Investment manager GAM has announced the launch of a new catastrophe bond fund which aims to capture the structural return of the catastrophe bond market using a portfolio comprised of cat bonds and complimented by investments in other insurance-linked securities. Through the new fund, named GAM FCM Cat Bond, they seek to produce attractive, consistent returns for their clients which are uncorrelated to more traditional asset classes.
GAM have teamed up with Fermat Capital Management, a leader in the ILS and cat bond investment market, to launch the fund. The fund will be offered by GAM to retail investors and has a minimum subscription of $25,000. The fund itself will be managed by Fermat.
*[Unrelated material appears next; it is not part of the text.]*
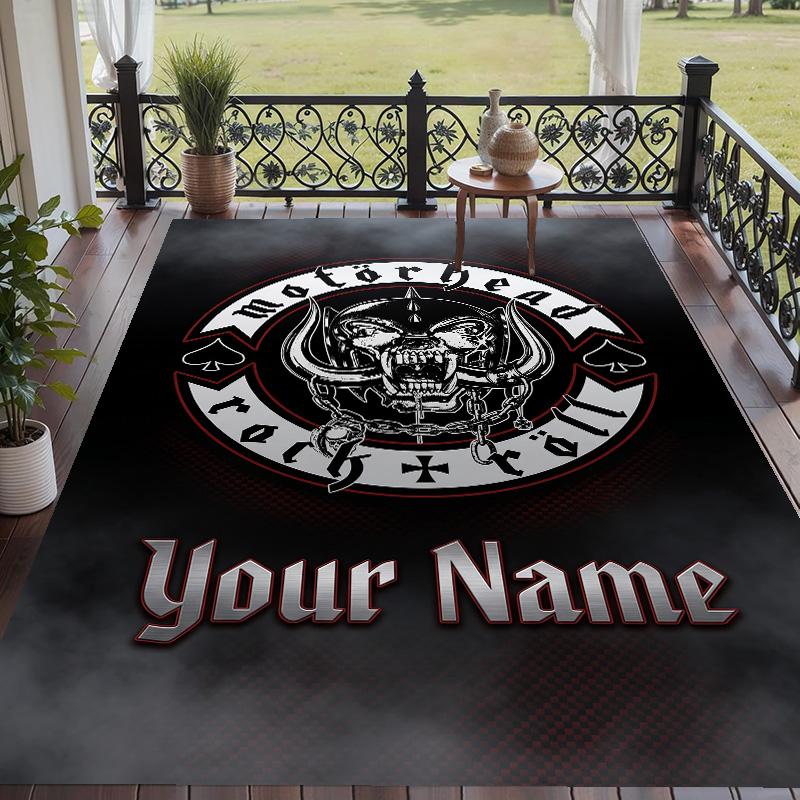 Custom Text Printed Rug Motorhead Non Slip Floor Carpet For Home Room Decor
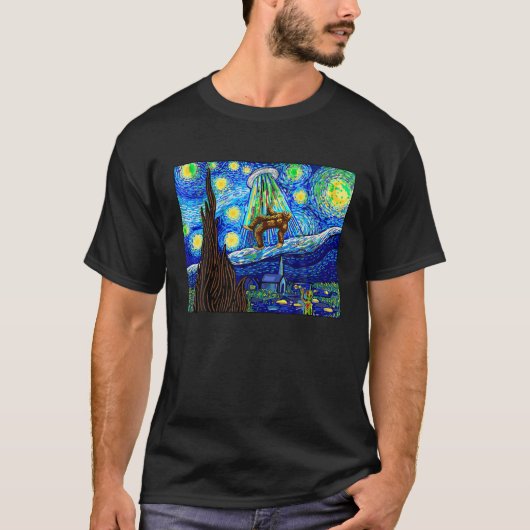 T-shirt Alien enlèvement Bigfoot UFO Starry Night Van Gogh (Devant)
Dr John Seo, Co-Founder and Managing Principal at Fermat Capital Management said; “Given catastrophe bonds unique underlying risks, they are likely to remain a truly uncorrelated asset class. During the recent financial crisis, cat bonds have proven that they deserve their reputation as a genuine alternative investment strategy.”
Craig Wallis, Global Head of Institutional & Fund Distribution at GAM commented; “We are excited to be able to work with such a high calibre manager and to offer this very interesting investment strategy to a broader set of clients.”
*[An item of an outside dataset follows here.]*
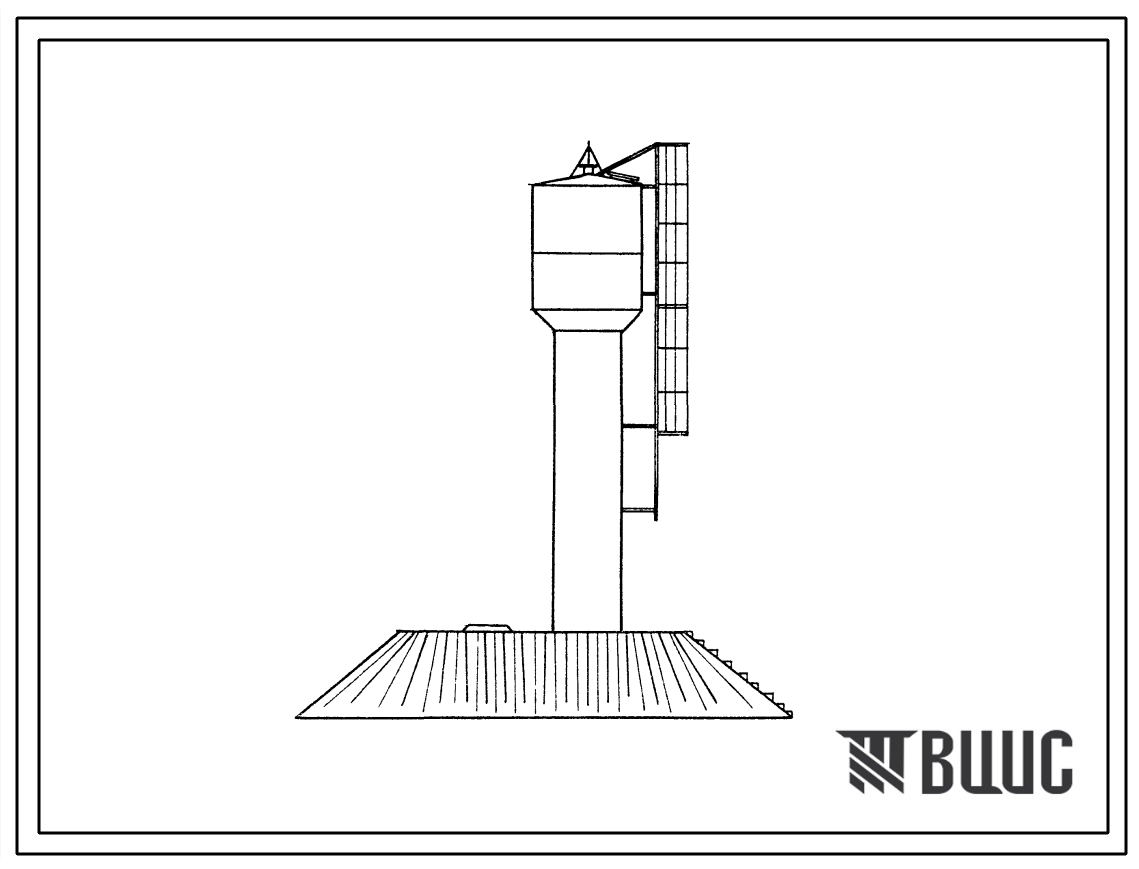 Типовой проект 901-5-27  Водонапорная бесшатровая  стальная башня с баком емкостью 15 м? высотой до дна бака 9 м и 6 м. (Вариант со сборным баком).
This is quite a unique offering as it seeks to bring catastrophe bond investments to a broader range of clients than most existing investment funds in the sector. Generally cat bond investment opportunities are targeted at large, institutional investors and the likes of pension funds. Lowering the entrance barriers to enable retail investors to tap the cat bond market for a source of investment diversification is a smart move and the fund is likely to be well subscribed to (we believe).
It’s too early to say whether the sector will see increasing interest from retail investors and as such it will be interesting to see how well received this fund is (our feeling is it’s likely to be well received). Expanding the cat bond investment sphere to include more retail investors could help to accelerate the deal pipeline as issuers (such as the reinsurance market) seek to take advantage of additional, new demand and available, interested funds. We’ve seen other markets grow significantly once the investment opportunity filters down to the retail side, it will be interesting to see if this move impacts the cat bond market in a similar way.